ARCTIC MONKEYS - MAIN STAGE, Sunday 10.15pm
The influx of Sunday ticket holders meant that by the time Arctic Monkeys arrived on stage shortly after 10.15pm they would be playing to the largest assembly of music fans at Electric Picnic this year and the thousands in attendance were treated to a band at the absolute height of their musical powers. Alex Turner has come a long way since bursting on to the scene in the middle of the last decade as a precocious teen with a knack for catchy hooks and witty lyrics. It's been interesting to watch Turner's chameleon-like character arc during the course of the Arctic Monkeys' discography; from the aforementioned northern cheeky chappy of their debut album, to the long-haired 'Humbug' rock n' roller, finally arriving at the 50's style pompadoured greaser that he is today, Turner has always been an engaging stage presence - and now he's a massive rock star to boot.

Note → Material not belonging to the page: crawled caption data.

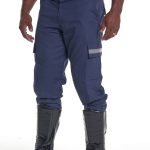 Calça Tática Azul - c/ Refletivo - RipStop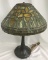 Tiffany Style Leaded Lamp Shade and Base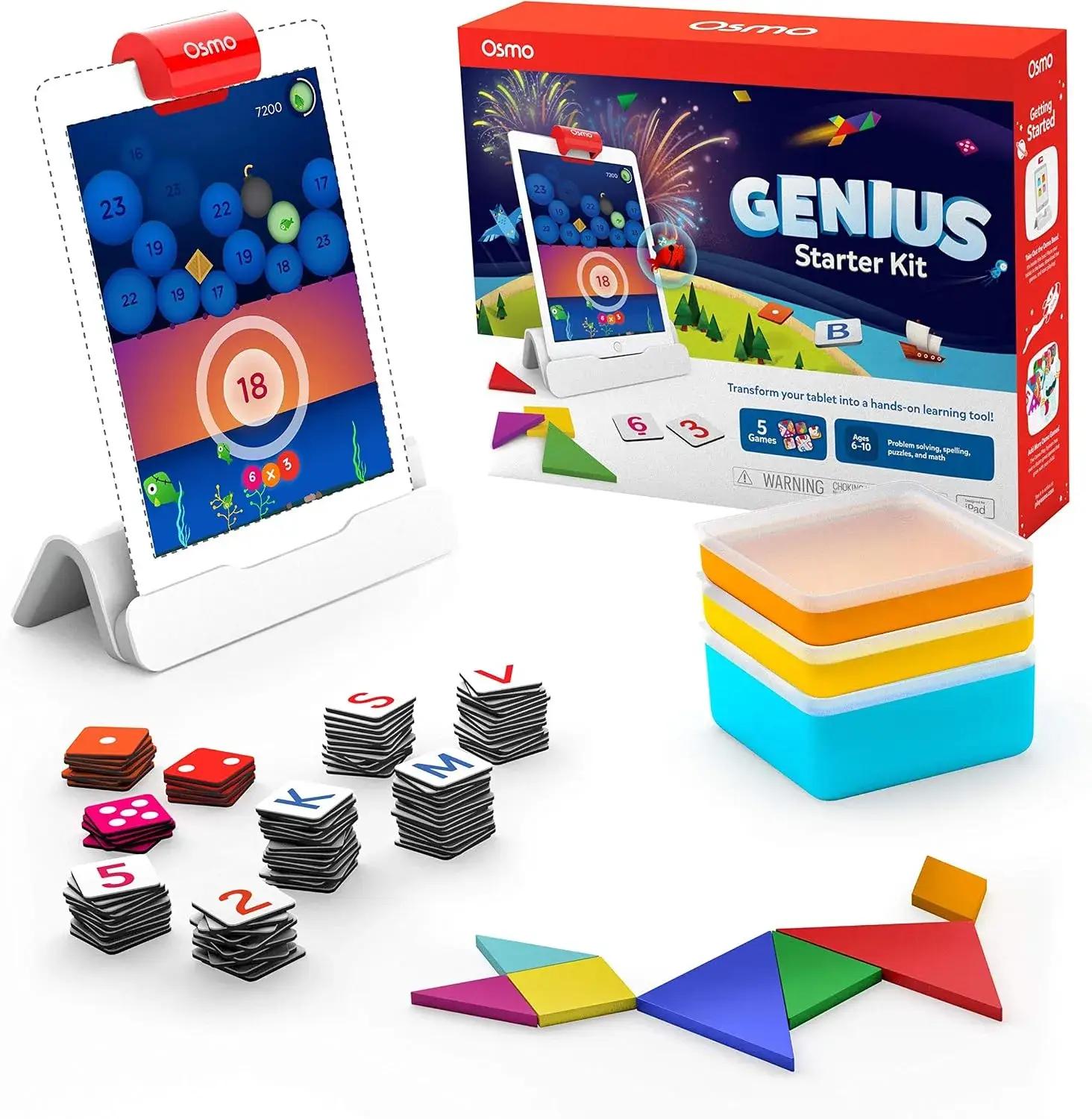 Osmo Genius Starter Kit for iPad – 5 Games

Opening with the slow-burning 'Do I Wanna Know?' from the upcoming new album AM, the Monkeys traversed their discography over the course of the 90 minute set. The new material, including pensive rocker 'Why Do You Only Call Me When You're High?' and the raucous 'R U Mine?' shows the band in a broodier mood than they have in recent years, perhaps the result of the influence of Turner's new best mate, QOTSA's Josh Homme, who was on production detail for the new album.
Somewhat predictably, it was older material like 'I Bet You Look Good On The Dancefloor' and 'When The Sun Goes Down' that united all four corners of the crowd into the evening's biggest frenzy but you suspect that, when AM hits the shelves next week, music fans will have a whole new set of anthems to sing along to when the Arctic Monkeys next roll into town. Absolutely outstanding.
LE GALAXIE - BODY & SOUL STAGE, Sunday 12.00am
As soon as the Arctic Monkeys finished we hightailed it over to the Body & Soul for once last show as there's really no better way to finish an Electric Picnic than with a Le Galaxie show. The Body & Soul stage was about as jam-packed as we have ever seen it, with hundreds of people defying their weary limbs and eeking out whatever dance moves they could muster to the sounds of one of Ireland's finest live acts. The band were, as is always the case, on fine form. Any energy the crowd expended was returned with more from the band as they pounded through a furious hour long set, throwing glowsticks and balloons (which somehow had lights in them) into the delighted crowd. 'Beyond Transworld' and 'Midnight Midnight', two of our favourite songs, well, ever were our particular highlights.